The task. Copy exactly. Include the line containing "纯棉帅气字母印花长袖 百搭男女童打底上衣潮流T t恤儿童宝宝春秋季", every line after it, and the last line below, but no pictures.

Raw data.

▼▼▼

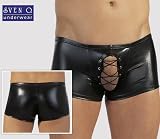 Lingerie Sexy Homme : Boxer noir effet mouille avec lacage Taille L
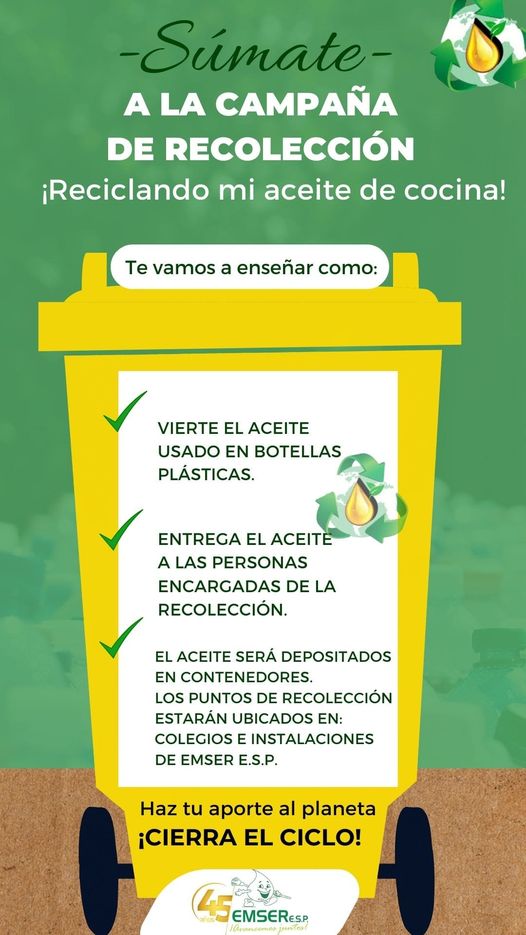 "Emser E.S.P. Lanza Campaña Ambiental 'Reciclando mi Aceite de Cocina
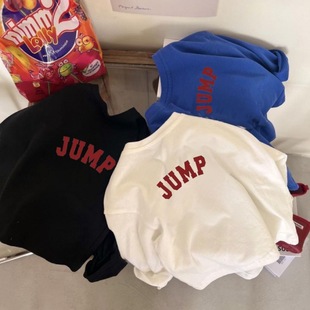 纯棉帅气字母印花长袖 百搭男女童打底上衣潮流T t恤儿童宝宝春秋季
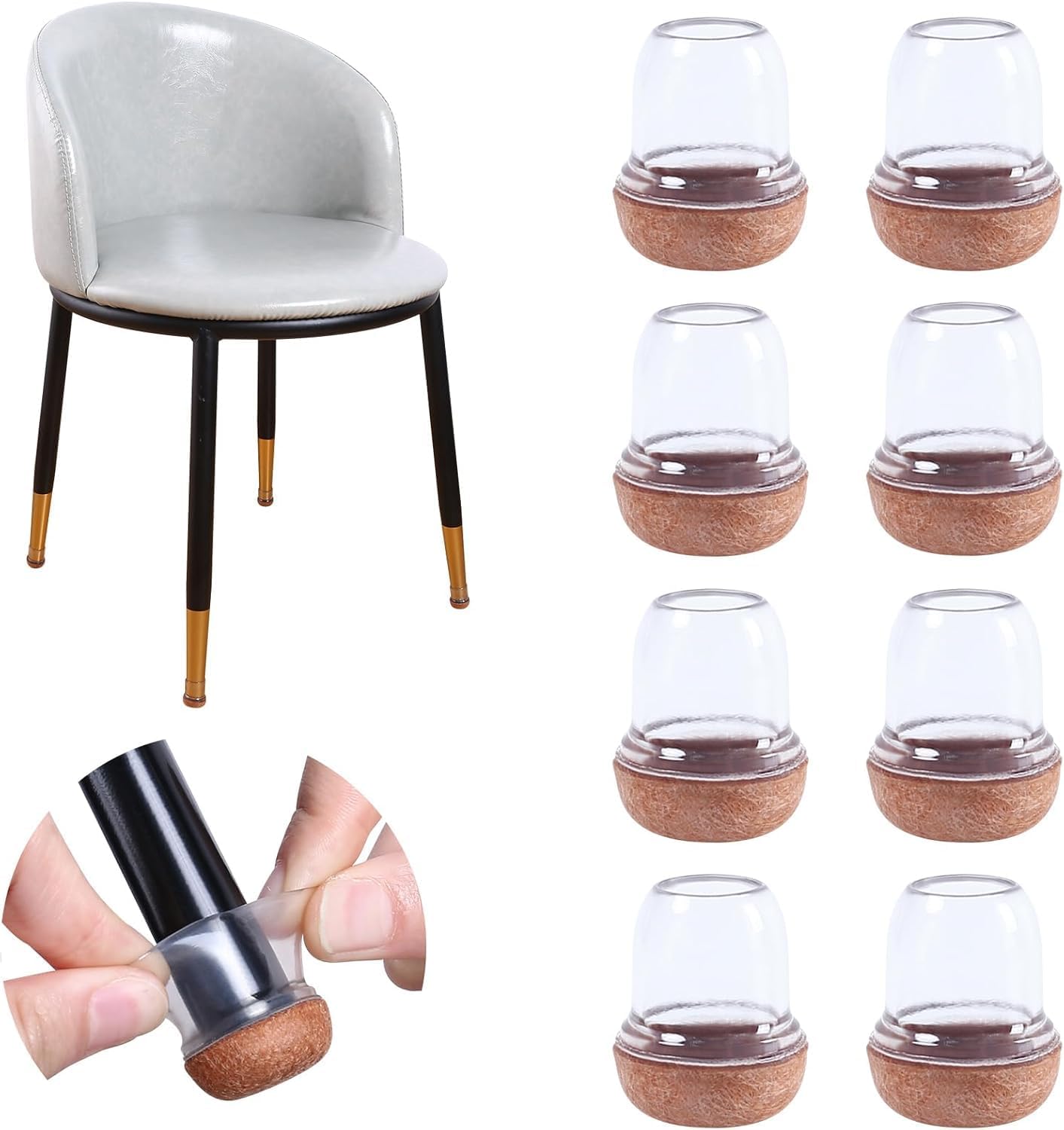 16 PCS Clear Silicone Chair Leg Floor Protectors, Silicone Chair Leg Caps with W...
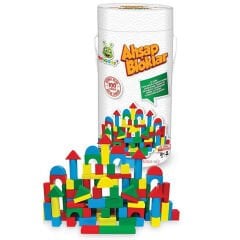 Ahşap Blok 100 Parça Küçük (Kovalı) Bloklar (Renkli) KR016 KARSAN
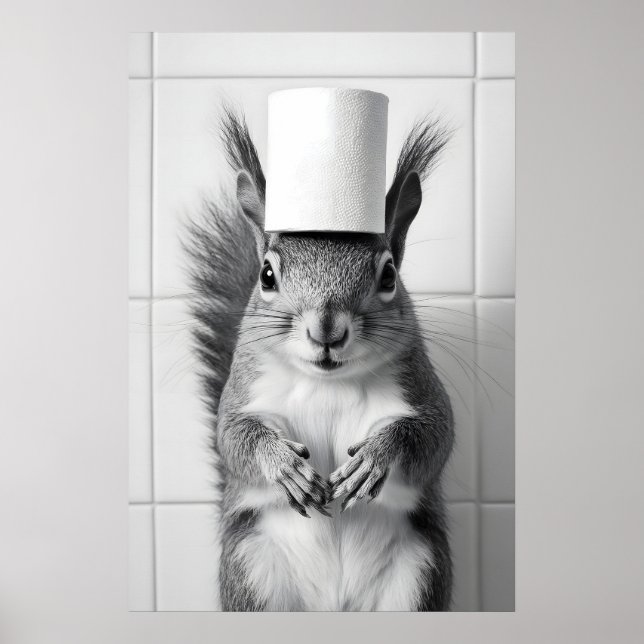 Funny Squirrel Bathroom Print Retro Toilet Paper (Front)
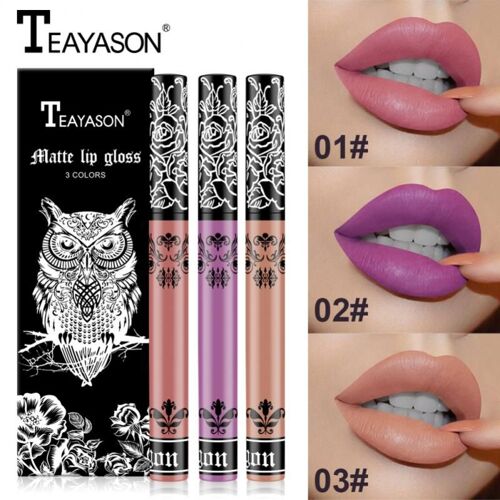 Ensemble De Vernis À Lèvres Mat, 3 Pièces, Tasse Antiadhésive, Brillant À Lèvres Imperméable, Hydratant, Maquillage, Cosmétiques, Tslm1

▲▲▲

Result.
 纯棉帅气字母印花长袖 百搭男女童打底上衣潮流T t恤儿童宝宝春秋季
 16 PCS Clear Silicone Chair Leg Floor Protectors, Silicone Chair Leg Caps with W...
 Ahşap Blok 100 Parça Küçük (Kovalı) Bloklar (Renkli) KR016 KARSAN
 Funny Squirrel Bathroom Print Retro Toilet Paper (Front)
 Ensemble De Vernis À Lèvres Mat, 3 Pièces, Tasse Antiadhésive, Brillant À Lèvres Imperméable, Hydratant, Maquillage, Cosmétiques, Tslm1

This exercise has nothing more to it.